Sometimes, the GPU driver or any other may lead to BSODs instead. In that case, use the following steps for troubleshooting:
- First, note the Stop Code. Look it up on our site or on Microsoft’s Bug Check Code Reference and try the suggested fixes.
- Use tools like WinDbg Preview to analyze the dump file. This can help you identify which driver generated the bug check.
- If required, use Driver Verifier to stress test your drivers. This will also help single out problematic drivers.
- Once you figure out which driver is causing the crashes, troubleshoot it.

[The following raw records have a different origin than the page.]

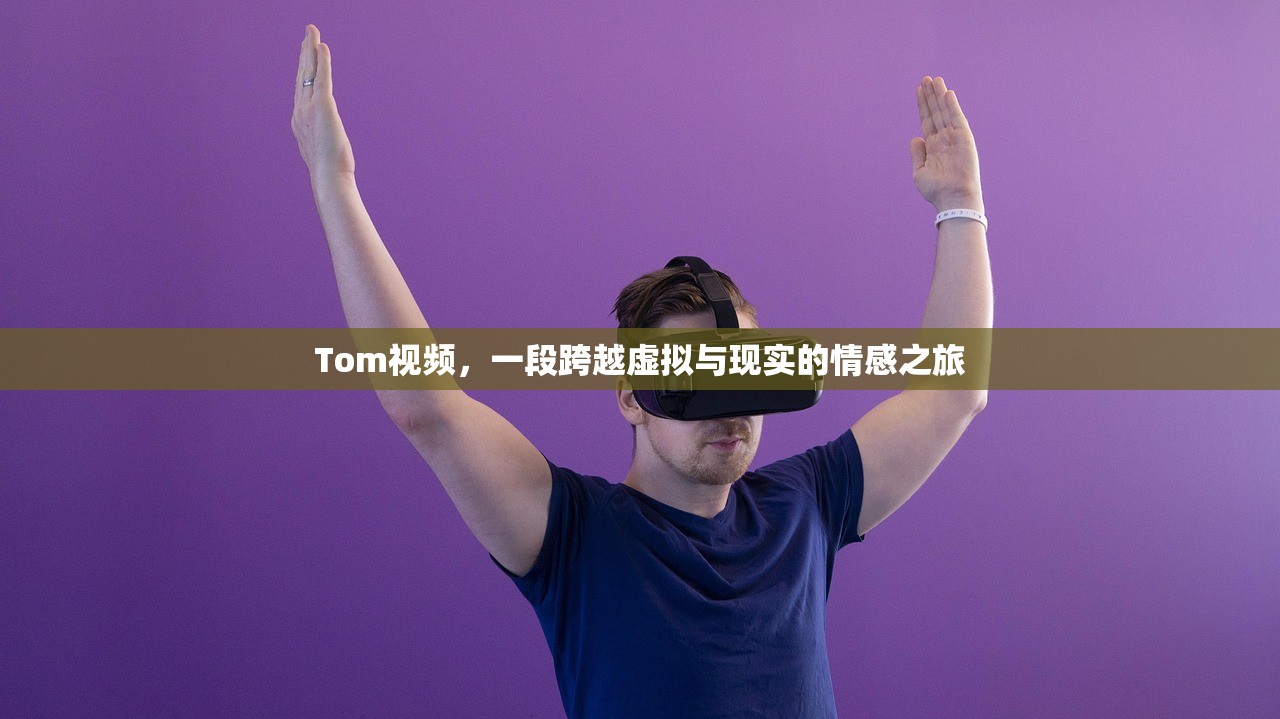 Tom视频，一段跨越虚拟与现实的情感之旅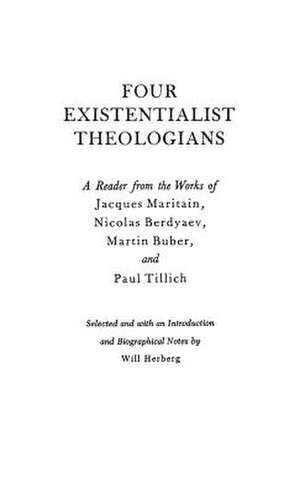 Four Existentialist Theologians: A Reader from the Work of Jacques Maritain, Nicolas Berdyaev, Martin Buber, and Paul Tillich de Will Herberg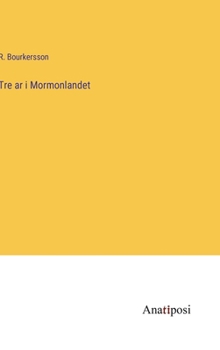 Tre År I Mormonlandet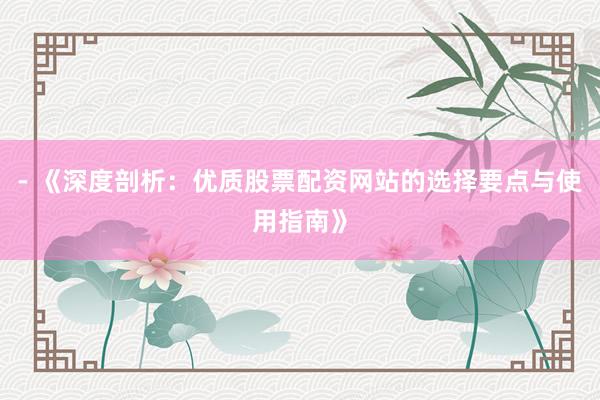- 《深度剖析：优质股票配资网站的选择要点与使用指南》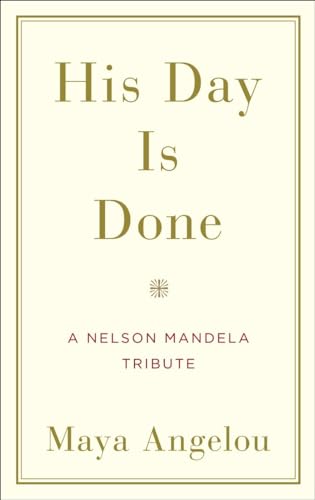 Beispielbild fr His Day Is Done: A Nelson Mandela Tribute zum Verkauf von Wonder Book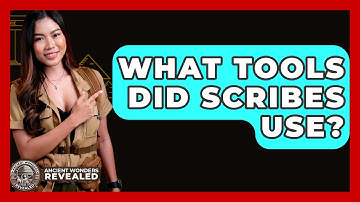 What Tools Did Scribes Use? - Ancient Wonders Revealed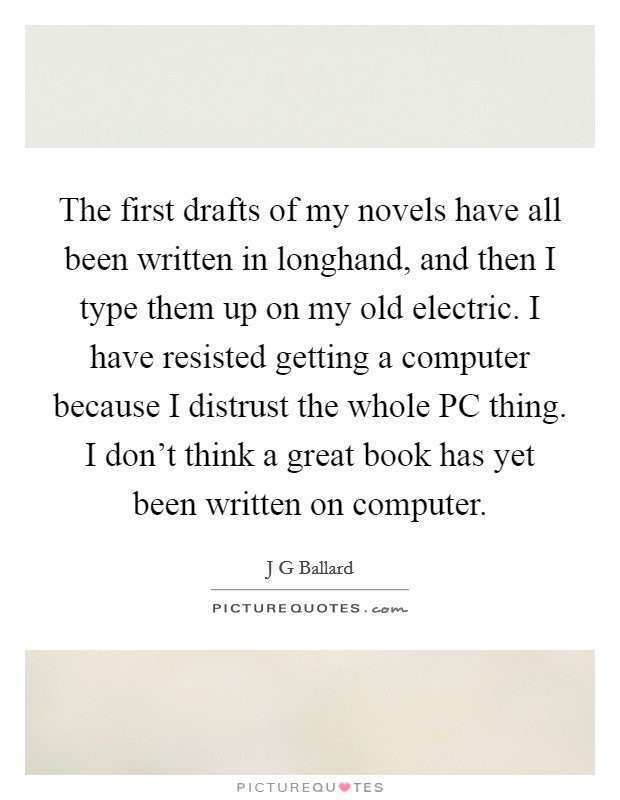 The first drafts of my novels have all been written in longhand, and then I type them up on my old electric. I have resisted getting a computer because I distrust the whole PC thing. I don't think a great book has yet been written on computer. Picture Quote #1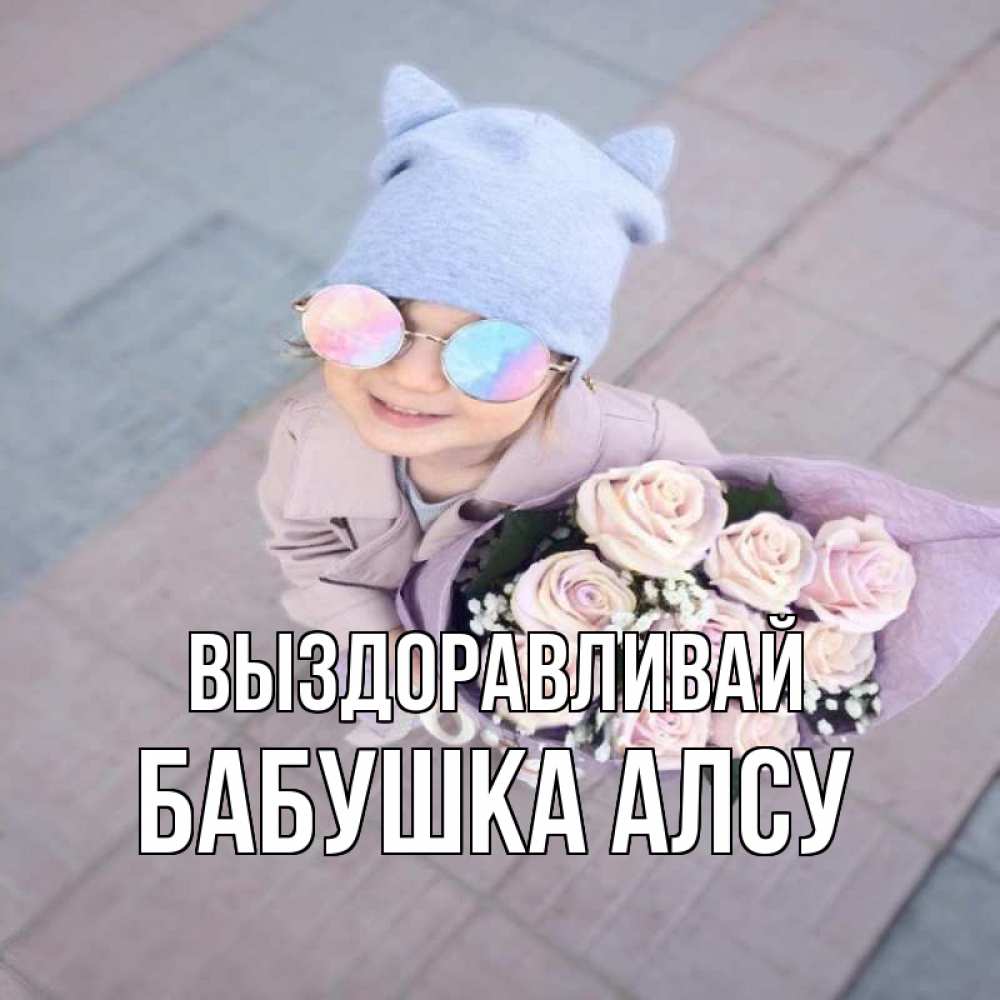 Открытка на каждый день с именем, Бабушка-Алсу Выздоравливай букет роз и ребенок Прикольная открытка с пожеланием онлайн скачать бесплатно 
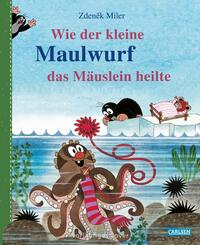 Vorderes Coverbild Wie der kleine Maulwurf das Mäuslein heilte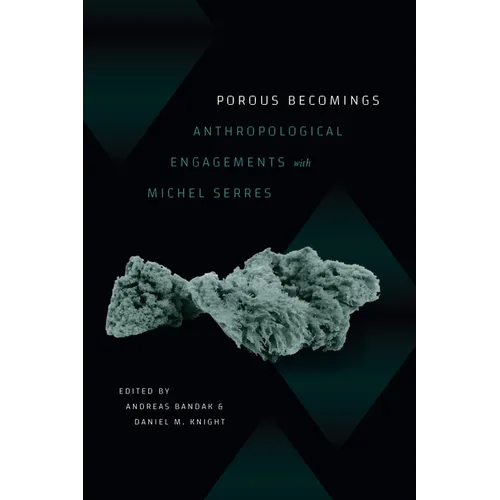 Porous Becomings: Anthropological Engagements with Michel Serres - Paperback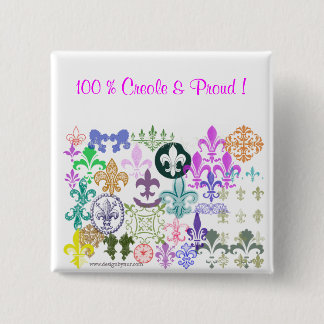 fleurdelis, 100 % Creole & Proud ! 15 Cm Square Badge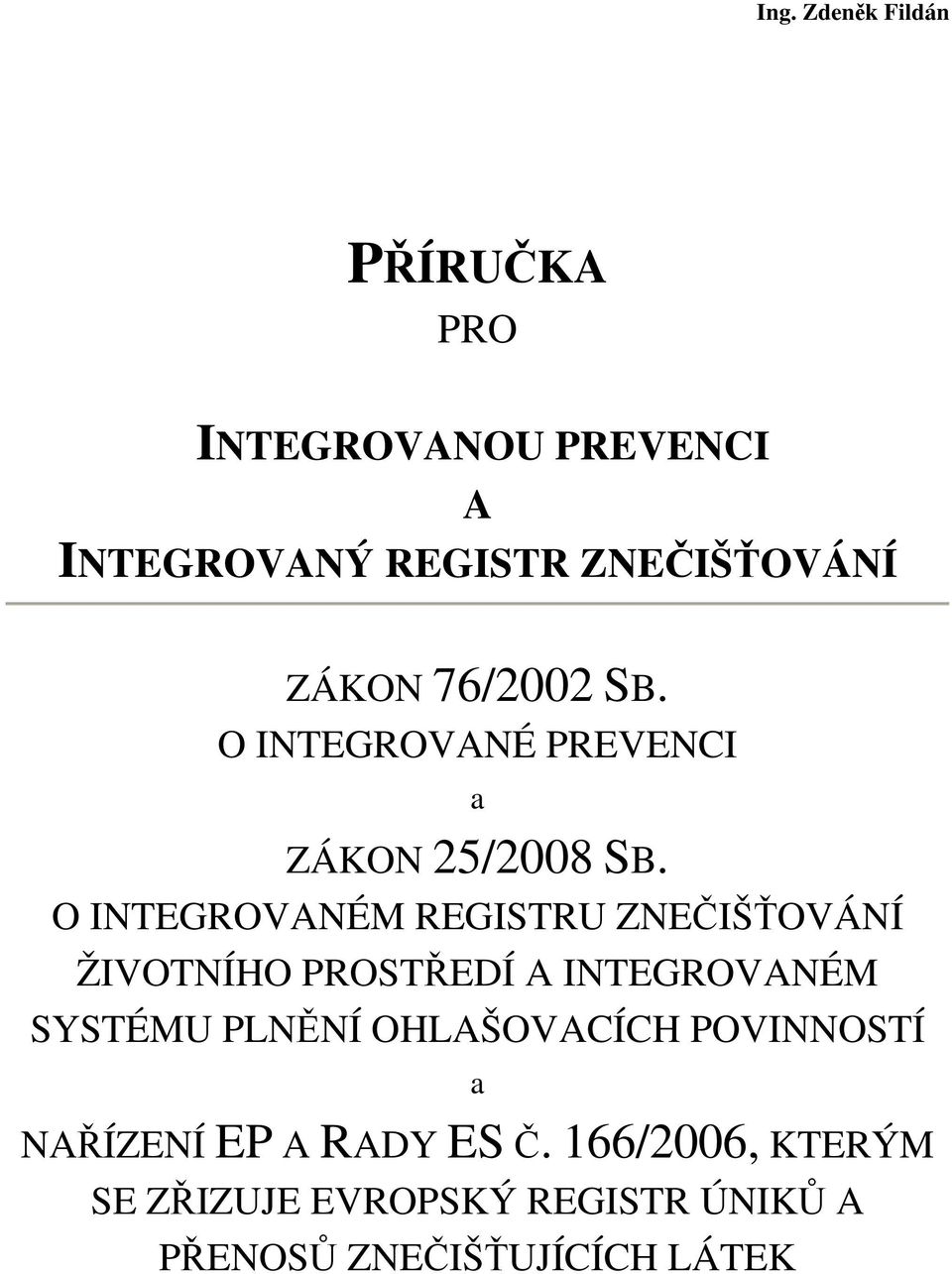 O INTEGROVANÉM REGISTRU ZNEČIŠŤOVÁNÍ ŽIVOTNÍHO PROSTŘEDÍ A INTEGROVANÉM SYSTÉMU PLNĚNÍ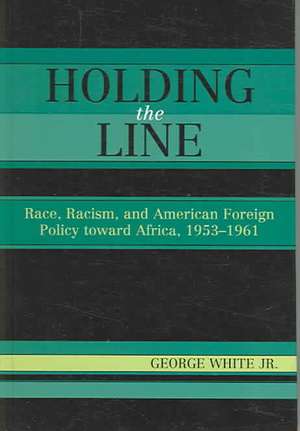 Holding the Line de GeorgeJr. White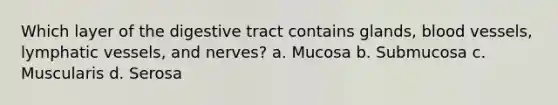 Which layer of the digestive tract contains glands, blood vessels, lymphatic vessels, and nerves? a. Mucosa b. Submucosa c. Muscularis d. Serosa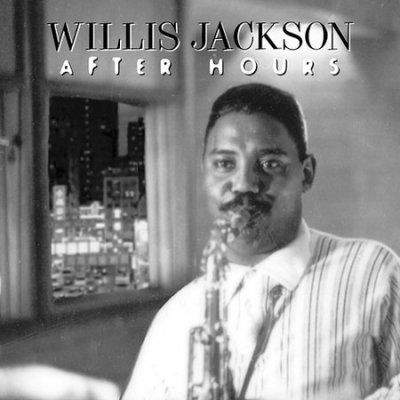 Willis Jackson - After Hours (CD)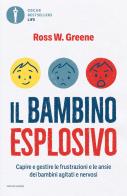Il bambino esplosivo. Capire e gestire le frustrazioni e le ansie dei bambini agitati e nervosi di Ross W. Greene edito da Mondadori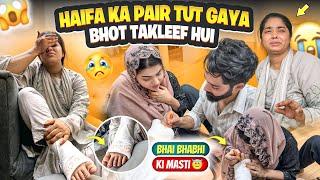 Haifa Ka Pair Tut Gaya  Bhot Takleef Hui | Ahal Bach Gaya | Haifa & Qashif Vlogs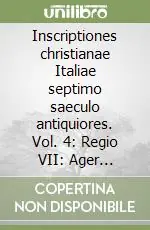 Inscriptiones christianae Italiae septimo saeculo antiquiores. Vol. 4 Regio VII Ager capenas Promo Stagionale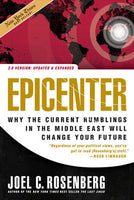 Epicenter (book) Why the Current Rumblings in the Mid-East Will Change Your Future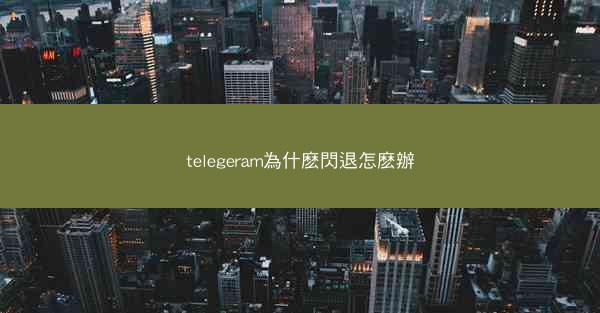 telegeram為什麽閃退怎麽辦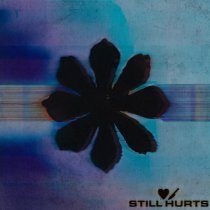 Still Hurts - Куда ты уйдёшь?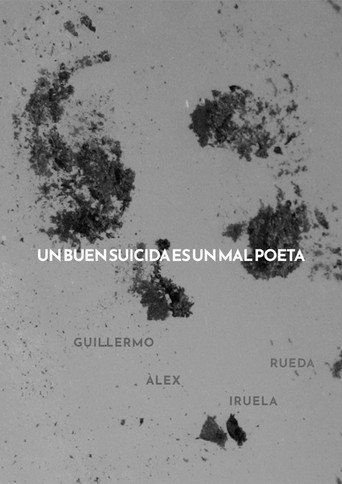Movie poster for Un buen suicida es un mal poeta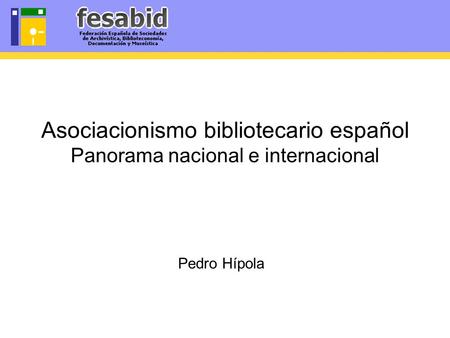 Asociacionismo bibliotecario español Panorama nacional e internacional Pedro Hípola.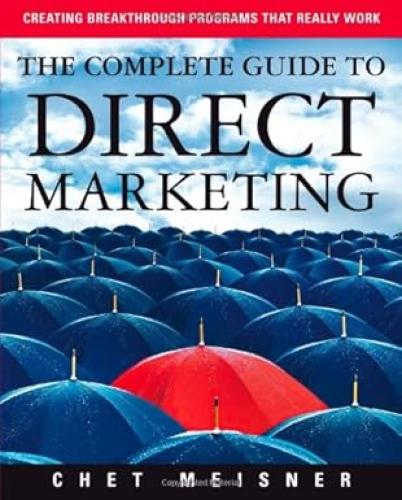 THE COMPLETE GUIDE TO DIRECT MARKETING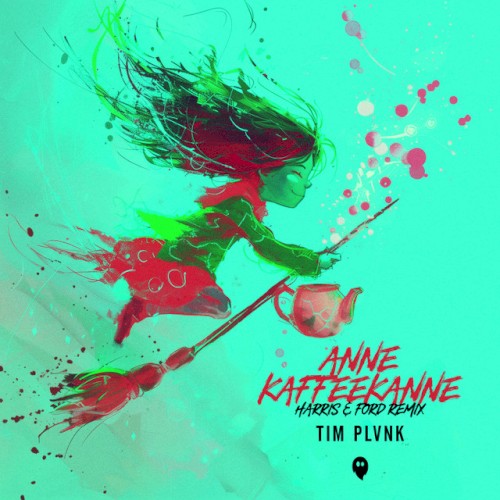 ANNE KAFFEEKANNE (Harris & Ford remix)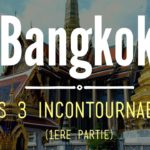 Visiter BANGKOK : les incontournables #1  ° Thailande °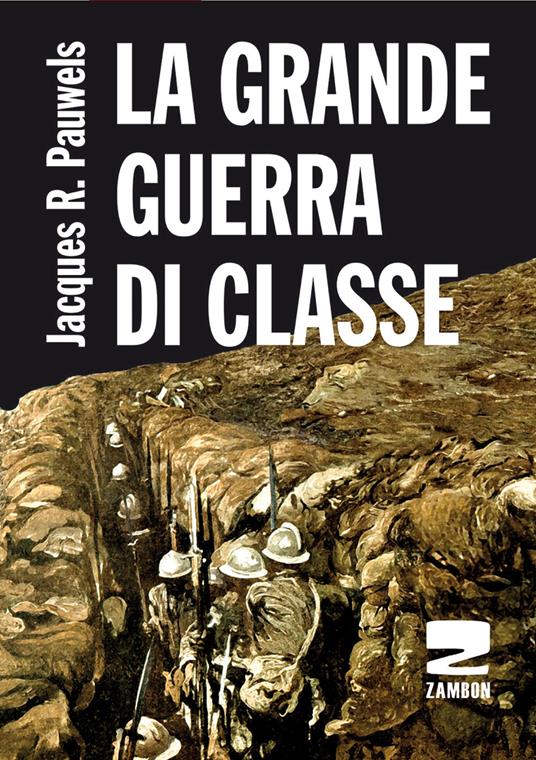 La grande guerra di classe - Jacques R. Pauwels - copertina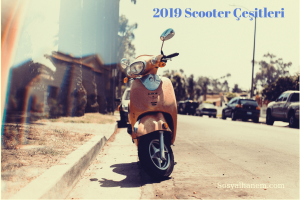 2019 Scooter Çeşitleri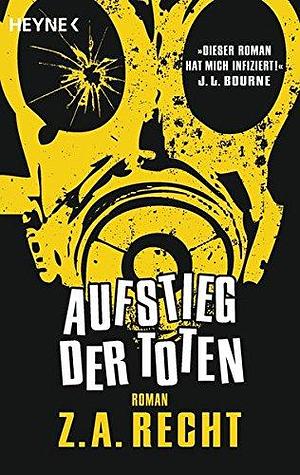 Aufstieg der Toten by Z.A. Recht, Z.A. Recht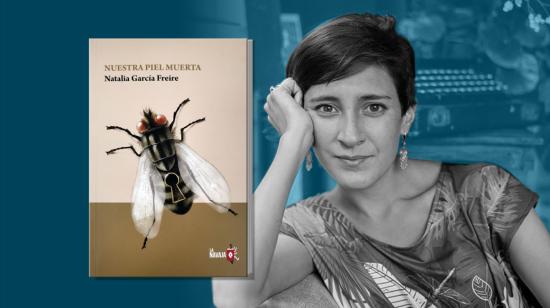 'Nuestra Piel Muerta', de Natalia García Freire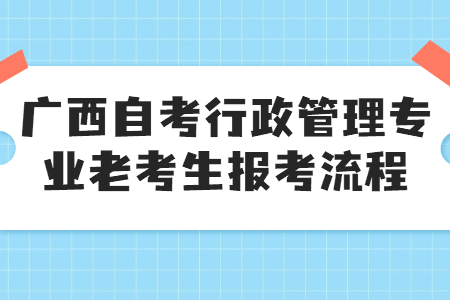 2022年4月廣西自考行政管理專業(yè)老考生報(bào)考流程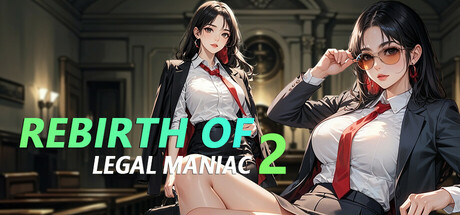 Rebirth of Legal maniac 2 cover art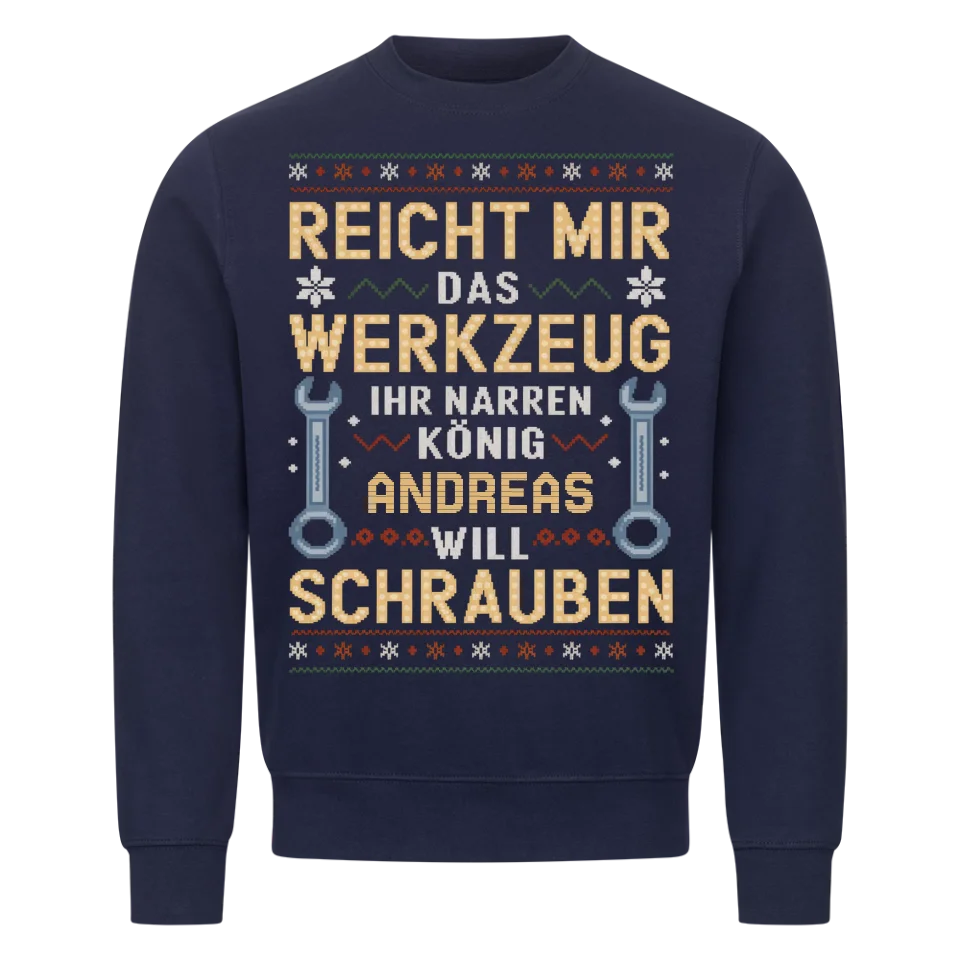 Der König will Schrauben - Personalisierbarer Sweater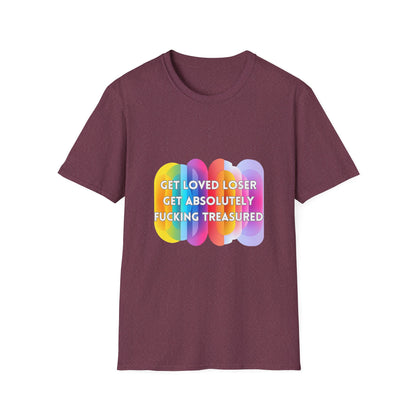 Get Loved Loser Rainbow Pride T-Shirt | Affirmation Unisex Tee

Update it, or roll back to find a version that works for you.
Fixing Storage-related Crashes
Problems with your storage drive (e.g., bad sectors or corrupt system files) can also lead to PC crashes. You should first use your device manufacturer’s tool (e.g., Samsung Magician) to perform a health check.
On Windows, dism, sfc, and chkdsk can help with storage-related crashes.
- DISM can repair a corrupt OS image.
- SFC can repair other corrupt system files.
- CHKDSK can repair logical bad sectors.
Troubleshooting All Components
If the crashes have persisted till this point, you have three more options.
Second, you could swap out hardware components that you suspect and replace them with known good ones. You’ll have to do this one by one for each part that may be faulty, from the CPU and RAM to the power cable and motherboard.
If both of these options seem like a hassle, you can also take your system to a repair professional. They should be able to diagnose the problem for you and suggest the best way to proceed.